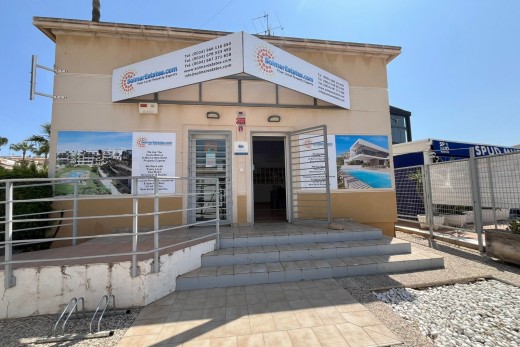 Resale - commercial - Orihuela Costa - Playa Flamenca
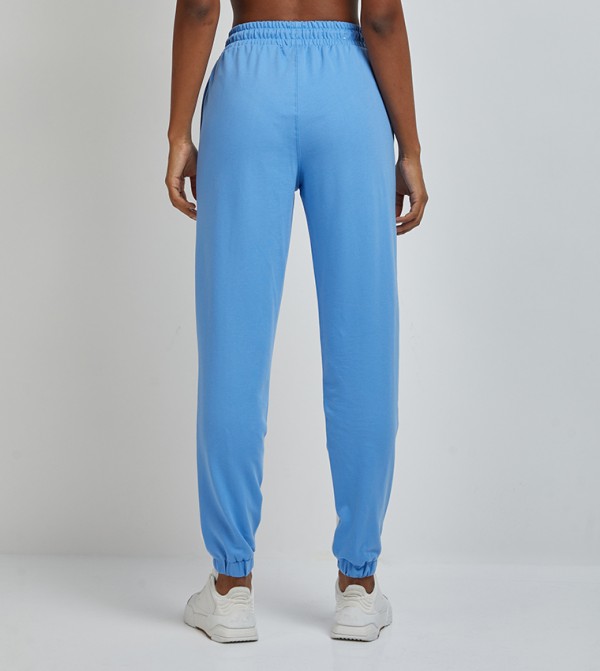 Aeropostale  Sportswear - Blue Track Pants & Joggers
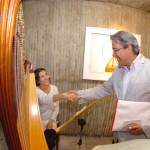 Governo lança dicionário sobre artes visuais dos últimos dois séculos em Sergipe - Foto: César de Oliveira/ASN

Task to carry out:
Begin with the line holding "Pants & Joggers" and end with the last line of the listing. Reproduce each of those lines exactly, and leave every picture out.

Response to the task:
 Aeropostale  Sportswear - Blue Track Pants & Joggers
 Governo lança dicionário sobre artes visuais dos últimos dois séculos em Sergipe - Foto: César de Oliveira/ASN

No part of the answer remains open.